[bflesch]

It's weird because why can't they train the AI to simply output secure code?

The basic security flaws with regards to input validation and overflows should never ever be output by an AI. For "security flaws due to bad design" I'll cut them slack until AGI is achieved.

[simonw]

> It's weird because why can't they train the AI to simply output secure code?

The most interesting security bugs have causes that are spread across large codebases, or networks of dependencies.

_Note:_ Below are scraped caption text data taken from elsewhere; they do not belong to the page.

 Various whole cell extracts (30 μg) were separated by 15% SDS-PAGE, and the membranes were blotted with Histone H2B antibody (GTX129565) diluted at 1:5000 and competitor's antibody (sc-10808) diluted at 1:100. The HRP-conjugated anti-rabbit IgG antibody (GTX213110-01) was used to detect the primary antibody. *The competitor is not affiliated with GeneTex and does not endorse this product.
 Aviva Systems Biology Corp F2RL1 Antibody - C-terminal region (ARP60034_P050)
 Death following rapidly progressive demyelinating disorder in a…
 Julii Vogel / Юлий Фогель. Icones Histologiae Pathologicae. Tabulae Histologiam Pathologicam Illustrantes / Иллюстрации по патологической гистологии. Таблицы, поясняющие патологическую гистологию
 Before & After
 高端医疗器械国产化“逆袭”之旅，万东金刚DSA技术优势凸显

Training the AI to "output secure code" won't work if it doesn't also have access to the source code of every dependency that it's using... and even then, given current model speeds and prices most developers won't want to wait for an hour on every edit they make while the LLM reasons through all of the dependencies.

[tptacek]

What's destabilizing the industry right now isn't vulnerabilities AI introduces into new code; it's a flood of sev:hi vulnerabilities in existing code, not introduced by AI but discovered by it.

[chrisweekly]

Agreed -- and, compounding the challenge, the flood of _reported_ high-sev CVEs is itself a kind of DDoS attack on maintainers.

[froggit]

> What's destabilizing the industry right now isn't vulnerabilities AI introduces into new code; it's a flood of sev:hi vulnerabilities in existing code, not introduced by AI but discovered by it.

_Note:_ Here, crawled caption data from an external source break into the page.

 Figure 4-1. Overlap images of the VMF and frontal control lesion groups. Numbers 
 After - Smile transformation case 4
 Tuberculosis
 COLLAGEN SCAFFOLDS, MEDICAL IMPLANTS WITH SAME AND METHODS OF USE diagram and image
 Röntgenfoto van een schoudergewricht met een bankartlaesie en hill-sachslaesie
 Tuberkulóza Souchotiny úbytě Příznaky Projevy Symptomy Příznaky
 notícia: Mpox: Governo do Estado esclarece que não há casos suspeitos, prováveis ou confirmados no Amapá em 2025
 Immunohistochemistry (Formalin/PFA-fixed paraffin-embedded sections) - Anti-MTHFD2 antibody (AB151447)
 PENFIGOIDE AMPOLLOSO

Vulnerability discovery has essentially moved to a "proof of work" computation model with AI that has some similarities to crypto like BTC or ethereum 1.0. I don't see any reason a well funded adversary couldn't use this same process on open-source code to develop exploits. I'm sure AI would be happy to try and create exploits from the results rather than fixes.

This sort of proof of work has a notable difference from crypto in the asymmetric nature of what each side is targeting. In crypto, each miner was attempting to find a solution to the same problem and they would all move on to a new one once a solution is found. However with AI vulnerability scanning, the non-deterministic nature means an adversary is likely to find different vulnerabilities. Even if it doesn't, the adversaries have a different post-discovery workflow (i.e. probably less compute intensive aka cheaper due to only needing one viable exploit to win) than the software maintainers do.

Considering it's possible both the adversary and their target could both do all this while running Claude puts Anthropic in a real "Merchant of Death" position.

[tptacek]

This doesn't make sense. Claude isn't creating the vulnerabilities. They've been here the whole time. You just get to know about them now.

[bflesch]

Even before that everybody was getting drowned in shitty reports from automated tools.

The goal of AI-generated code should not be that one needs a AI-based security review tool on top of it, but that the AI-generated code in itself is reasonably secure.

[bobkb]

I think these audit tools can look beyond just security and can look for compliance audits as well. The ability to audit real targets in staging environments makes it easy to identify issues.